Cerca

Campo profughi siriano di Atme Campo profughi siriano di Atme 

Impegno per la rinascita materiale e spirituale della Siria

In Siria il conflitto è diminuito di intensità, ma la gente porta ancora con sé le ferite fisiche e spirituali di nove anni di guerra. Della situazione ci parla padre Firas Lutfì, siriano francescano di Terra Santa, intervistato a Gerusalemme, dove è in corso il convegno sugli 800 anni dal pellegrinaggio di pace di San Francesco in Terra Santa

Silvonei Protz – Gerusalemme

La sofferenza della Siria, dopo una guerra quasi decennale, è ancora evidente. Anche se in gran parte del territorio le armi tacciono, a parte la zona di Idlib, dove sono ancora asserragliati gruppi jihadisti con circa 30 mila combattenti, la popolazione civile rimane ancora duramente colpita dalle conseguenze del conflitto. Ad aggravare la situazione ci sono ora anche le sanzioni internazionali, che spesso, anziché rivolgersi sul regime di Damasco o i responsabili delle violenze, si ripercuotono sulla gente, che non riesce a ricostruirsi una vita normale. La testimonianza del padre francescano, Firas Luftì, siriano, conferma le difficoltà di una popolazione, che deve ritrovare una dimensione materiale e spirituale.
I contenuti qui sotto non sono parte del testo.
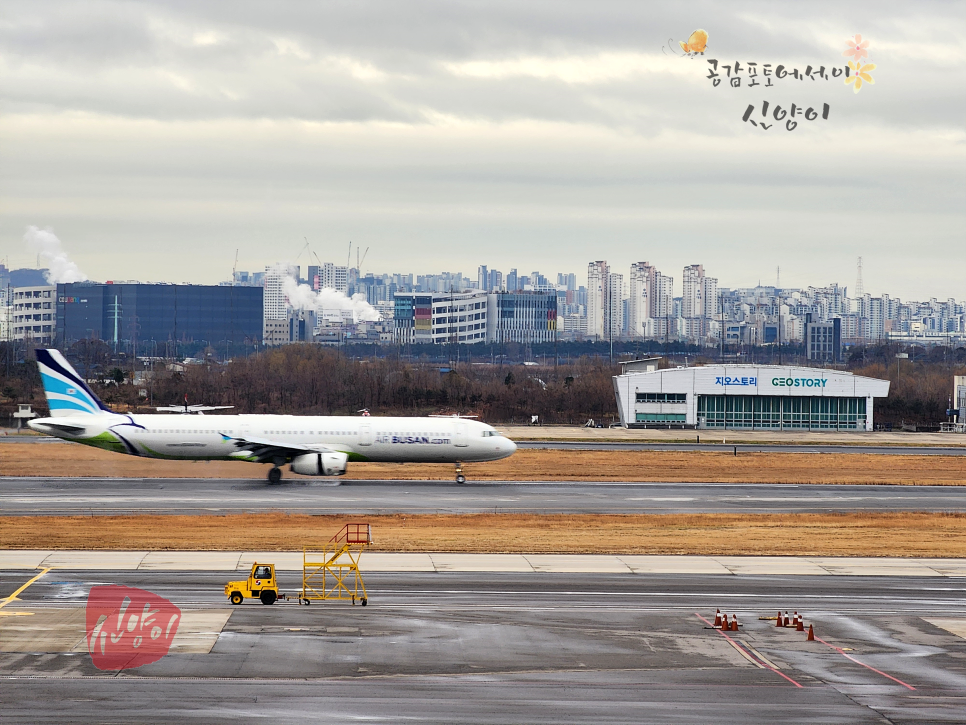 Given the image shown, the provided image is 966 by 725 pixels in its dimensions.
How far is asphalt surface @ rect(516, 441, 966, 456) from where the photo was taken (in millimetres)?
90475

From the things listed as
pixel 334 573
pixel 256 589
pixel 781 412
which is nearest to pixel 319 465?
pixel 334 573

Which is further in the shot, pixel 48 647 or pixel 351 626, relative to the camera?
pixel 351 626

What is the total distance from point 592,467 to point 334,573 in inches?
1623

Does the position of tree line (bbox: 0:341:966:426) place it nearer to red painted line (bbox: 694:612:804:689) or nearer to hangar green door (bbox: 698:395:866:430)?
hangar green door (bbox: 698:395:866:430)

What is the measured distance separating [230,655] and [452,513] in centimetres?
2748

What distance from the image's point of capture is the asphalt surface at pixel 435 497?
5653cm

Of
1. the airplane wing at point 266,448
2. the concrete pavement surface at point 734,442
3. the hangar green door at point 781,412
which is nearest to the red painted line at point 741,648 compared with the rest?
the airplane wing at point 266,448

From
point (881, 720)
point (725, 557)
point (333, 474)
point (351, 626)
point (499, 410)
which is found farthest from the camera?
point (499, 410)

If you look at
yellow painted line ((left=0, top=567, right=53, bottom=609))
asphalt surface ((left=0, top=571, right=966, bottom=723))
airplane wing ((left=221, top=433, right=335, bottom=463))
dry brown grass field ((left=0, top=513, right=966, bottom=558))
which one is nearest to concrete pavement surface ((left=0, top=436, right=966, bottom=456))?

Ascolta l’intervista con padre Firas Lutfì

R. – Attualmente, la vita è molto dura, in Siria. E’ vero che in alcune zone le armi tacciono, però, ecco, dobbiamo tener conto di una realtà di guerra che è durata nove anni: quindi, una distruzione massiccia, case demolite, quartieri interamente in rovina, chiese che necessitano di un intervento per la ricostruzione … e certo, una popolazione di 23 milioni prima della guerra: la metà non c’è più, tra morti, profughi e un Paese in ginocchio dal punto di vista demografico. I giovani non ci sono più, sono tutti scappati; i bambini e le donne hanno subito gravi traumi psicologici a causa di questi anni di guerra e di grandi sofferenze, e inoltre le sanzioni economiche imposte alla Siria, pensando di colpire i responsabili della guerra mentre invece colpiscono la gente normale, gli innocenti e i più poveri.
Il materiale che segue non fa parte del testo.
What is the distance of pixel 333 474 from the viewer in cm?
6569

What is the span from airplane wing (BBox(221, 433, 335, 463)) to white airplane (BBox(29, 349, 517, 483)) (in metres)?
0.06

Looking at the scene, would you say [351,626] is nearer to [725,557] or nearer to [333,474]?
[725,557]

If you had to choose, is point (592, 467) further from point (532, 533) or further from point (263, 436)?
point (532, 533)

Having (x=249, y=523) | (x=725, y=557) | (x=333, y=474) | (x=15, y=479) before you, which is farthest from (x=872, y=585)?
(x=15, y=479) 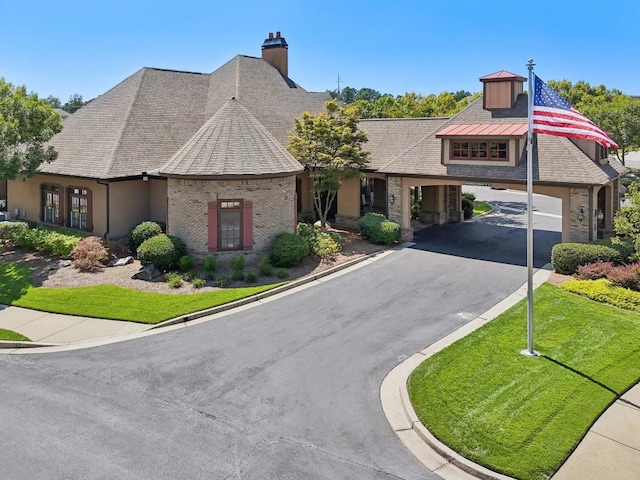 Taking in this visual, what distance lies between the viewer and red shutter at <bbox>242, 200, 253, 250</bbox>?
806 inches

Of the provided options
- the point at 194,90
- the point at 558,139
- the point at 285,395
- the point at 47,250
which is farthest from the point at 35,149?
the point at 558,139

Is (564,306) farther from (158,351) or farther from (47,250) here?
(47,250)

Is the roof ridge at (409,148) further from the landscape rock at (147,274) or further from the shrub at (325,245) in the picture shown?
the landscape rock at (147,274)

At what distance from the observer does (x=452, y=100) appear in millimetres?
50625

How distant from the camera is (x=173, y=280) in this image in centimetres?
1817

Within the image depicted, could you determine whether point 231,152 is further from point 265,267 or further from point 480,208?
point 480,208

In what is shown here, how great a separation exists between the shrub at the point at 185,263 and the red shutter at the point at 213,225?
1147 mm

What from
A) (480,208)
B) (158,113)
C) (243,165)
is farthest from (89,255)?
(480,208)

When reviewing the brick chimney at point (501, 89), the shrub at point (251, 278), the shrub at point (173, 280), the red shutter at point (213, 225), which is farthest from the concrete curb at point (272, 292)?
the brick chimney at point (501, 89)

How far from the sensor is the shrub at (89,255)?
19.8m

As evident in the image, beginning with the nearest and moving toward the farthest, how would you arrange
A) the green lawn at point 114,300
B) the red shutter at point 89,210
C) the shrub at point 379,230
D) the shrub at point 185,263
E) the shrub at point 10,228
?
the green lawn at point 114,300 < the shrub at point 185,263 < the red shutter at point 89,210 < the shrub at point 10,228 < the shrub at point 379,230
Da noi arrivano sempre notizie anche dei bambini …

R. – Noi, per i bambini, abbiamo cercato di creare un progetto chiamato “Arte terapeutica”, che è un modo per aiutare i bambini a recuperarsi da quel trauma psicologico che li ha toccati profondamente. Quindi, “Arte terapeutica” è un grande centro nel quale si fa musica e sport – perché questi bambini durante la guerra non potevano né giocare, né uscire di casa, né studiare … Poi, c’è anche il teatro … insomma, è quello che diceva Dostojewski: la bellezza salva e salverà il mondo; noi l’abbiamo concretizzato mediante un progetto di esperti in psicologia e in arte per aiutare questi bambini. Sapete quanti erano i bambini che hanno frequentato il nostro centro, solo questa estate? 1.000 bambini! Quindi abbiamo cercato di aiutare, almeno durante l’estate, mille bambini a trovare un senso diverso e profondo per la loro vita, per la loro esistenza.
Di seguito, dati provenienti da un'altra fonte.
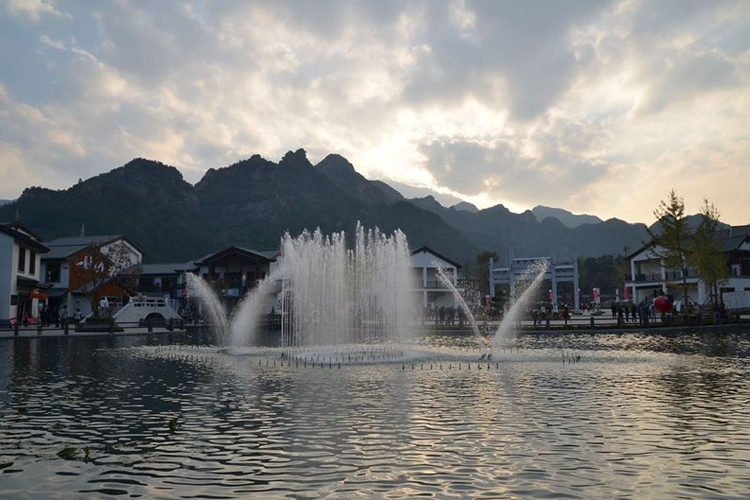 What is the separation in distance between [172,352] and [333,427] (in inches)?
861

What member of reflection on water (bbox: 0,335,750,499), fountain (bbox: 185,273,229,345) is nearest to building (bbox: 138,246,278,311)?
fountain (bbox: 185,273,229,345)

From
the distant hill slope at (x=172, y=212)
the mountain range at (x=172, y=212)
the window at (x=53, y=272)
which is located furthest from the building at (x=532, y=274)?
the distant hill slope at (x=172, y=212)

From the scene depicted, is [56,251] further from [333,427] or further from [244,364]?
[333,427]

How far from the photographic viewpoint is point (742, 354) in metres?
26.5

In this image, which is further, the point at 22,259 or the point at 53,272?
the point at 53,272

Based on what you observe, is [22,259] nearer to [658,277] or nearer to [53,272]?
[53,272]

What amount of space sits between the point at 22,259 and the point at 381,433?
60.5 metres

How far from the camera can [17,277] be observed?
57.3 metres

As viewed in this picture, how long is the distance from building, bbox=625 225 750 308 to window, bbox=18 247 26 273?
66.0m

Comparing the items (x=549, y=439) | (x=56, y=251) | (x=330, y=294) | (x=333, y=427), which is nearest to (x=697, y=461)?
(x=549, y=439)

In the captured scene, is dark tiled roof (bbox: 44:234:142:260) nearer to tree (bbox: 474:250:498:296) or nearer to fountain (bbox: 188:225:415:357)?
fountain (bbox: 188:225:415:357)

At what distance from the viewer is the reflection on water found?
8594 mm

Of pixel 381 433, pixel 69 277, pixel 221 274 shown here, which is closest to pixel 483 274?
pixel 221 274

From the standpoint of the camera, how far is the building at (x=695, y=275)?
7169cm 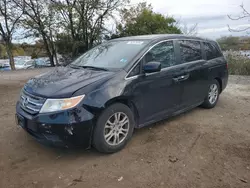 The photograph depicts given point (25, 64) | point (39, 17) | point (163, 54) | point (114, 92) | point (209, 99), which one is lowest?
point (209, 99)

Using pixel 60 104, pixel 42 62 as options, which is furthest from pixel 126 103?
pixel 42 62

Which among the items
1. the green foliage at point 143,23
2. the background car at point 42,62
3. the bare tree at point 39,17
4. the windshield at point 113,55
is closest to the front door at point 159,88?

La parte spirituale di queste persone … bisogna ricostruire tutto …

R. – Sì, perché durante una guerra nascono le grandi e difficili domande: perché noi? Perché Dio ha permesso che noi soffrissimo? E cosa abbiamo fatto di male per essere castigati? E perché devo pagare io le conseguenze delle alleanze tra cattivi? Se loro vogliono combattere, perché fanno questa guerra e combattimenti nel mio terreno, nella mia casa e nella mia patria? Sono domande difficili … noi non abbiamo i mezzi per rispondere, e comunque non abbiamo risposte sufficienti. Però, secondo me, vale la pena cambiare prospettiva: come posso io essere oggi le mani e le braccia di Gesù sofferente, i piedi di Gesù e soprattutto il cuore di Gesù, che ama e accoglie l’altro?